◆ **MATERIAL TO PROCESS**
——————————
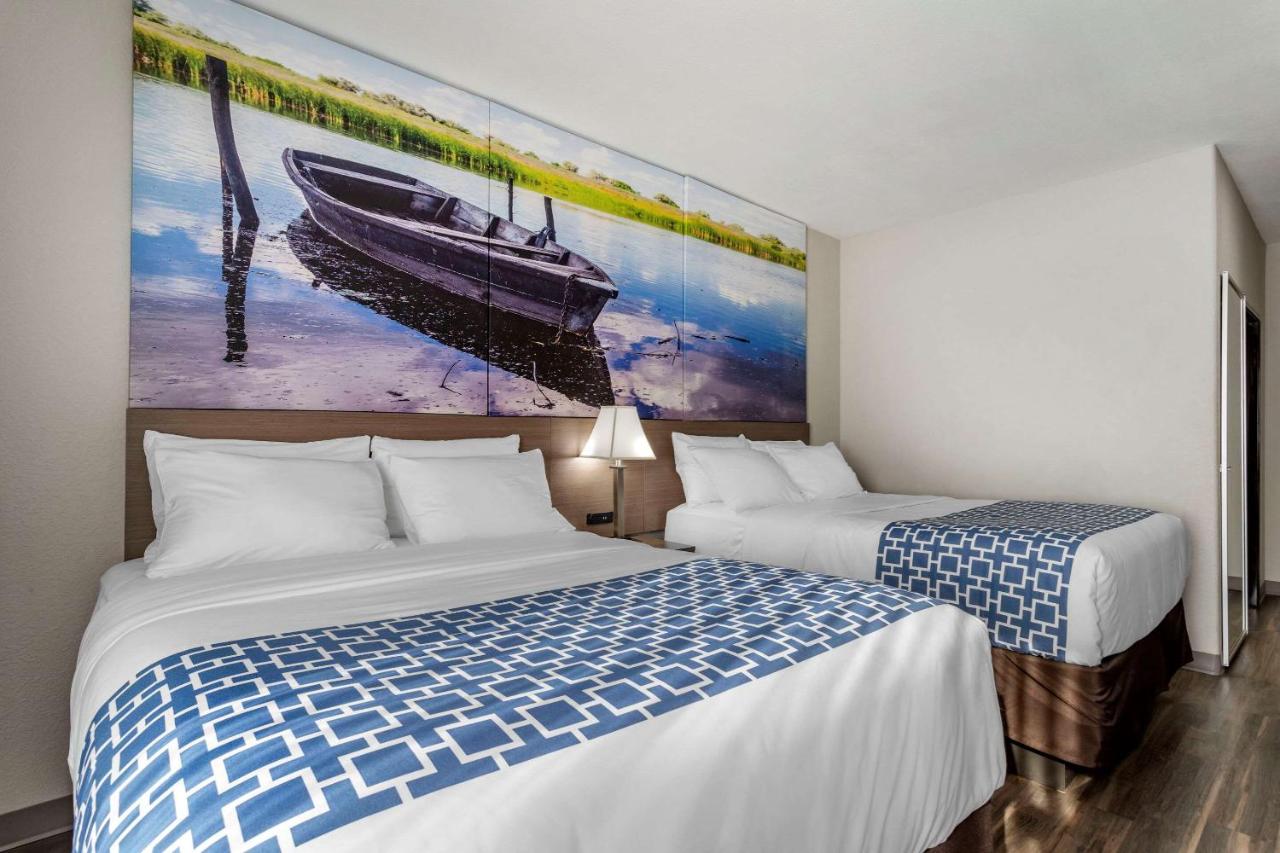 Queen Room with Two Queen Beds - Accessible/Non-Smoking  at Clarion Pointe Sulphur - Lake Charles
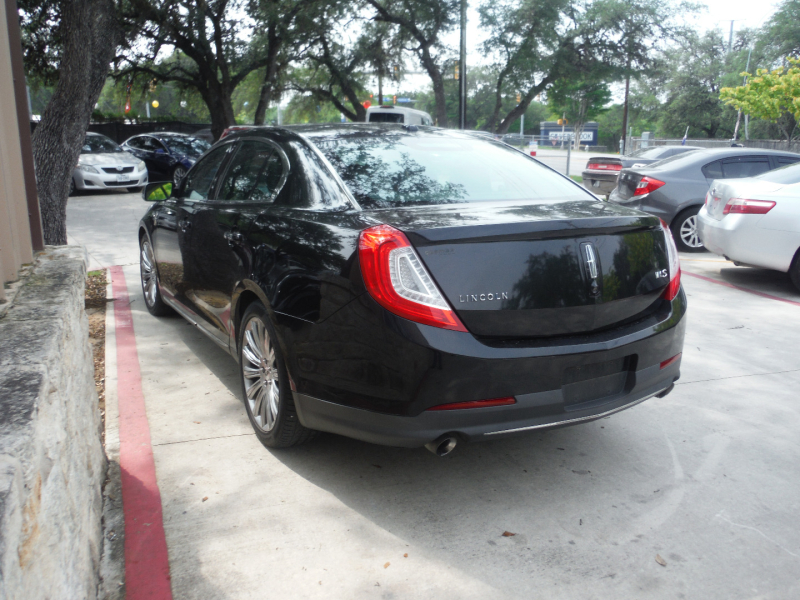 Lincoln MKS 2014 price $7,900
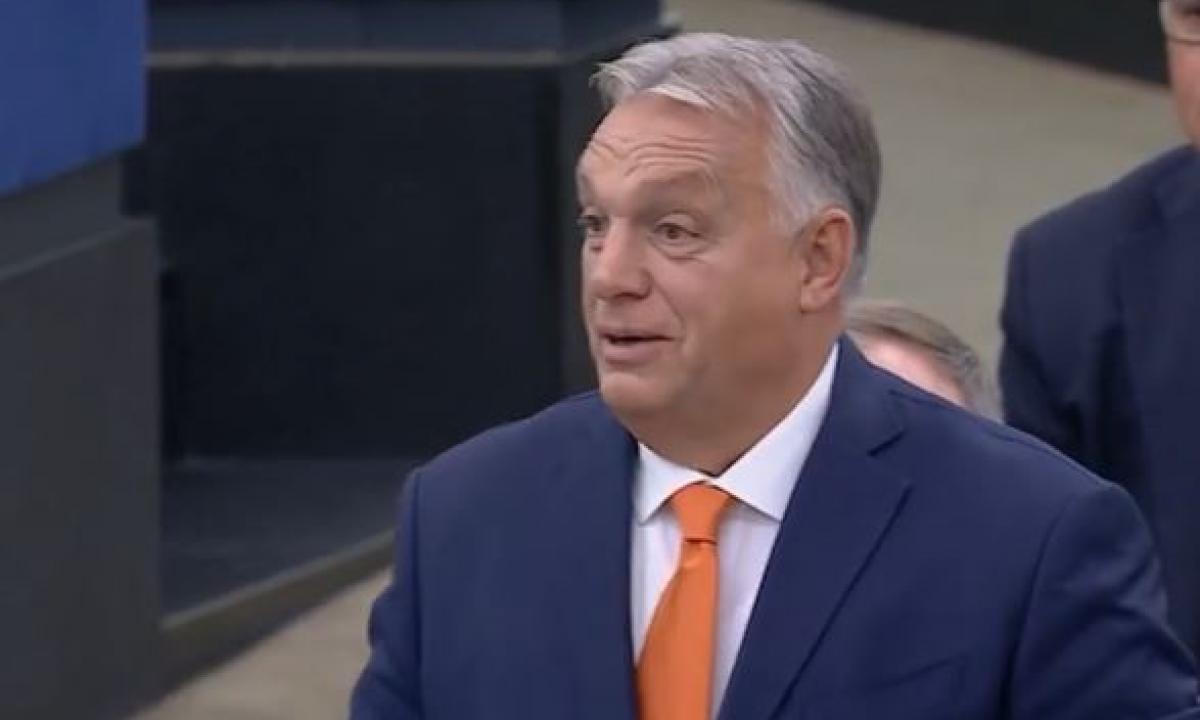 Brutalus kirtis Orbanui: Vengrija paliekama už borto!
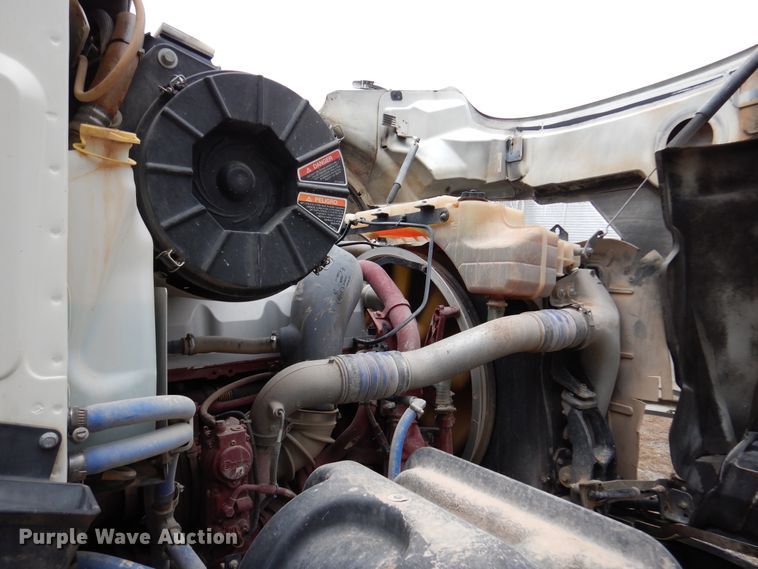 image for item DJ7421 2013 Mack Granite GU713  vacuum truck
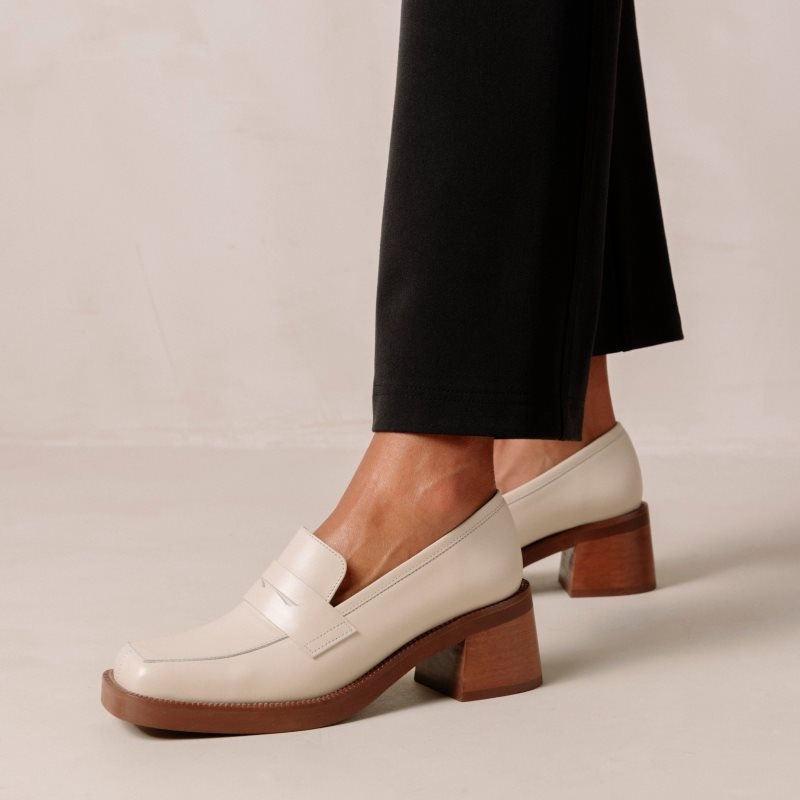 Alohas Roxanne Cuero Loafers Creme | EZCOK3248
——————————
◆ **TASK OBJECTIVE**
An exact copy of every line above is needed, without the images.

◆ **SOLUTION**
 Queen Room with Two Queen Beds - Accessible/Non-Smoking  at Clarion Pointe Sulphur - Lake Charles
 Lincoln MKS 2014 price $7,900
 Brutalus kirtis Orbanui: Vengrija paliekama už borto!
 image for item DJ7421 2013 Mack Granite GU713  vacuum truck
 Alohas Roxanne Cuero Loafers Creme | EZCOK3248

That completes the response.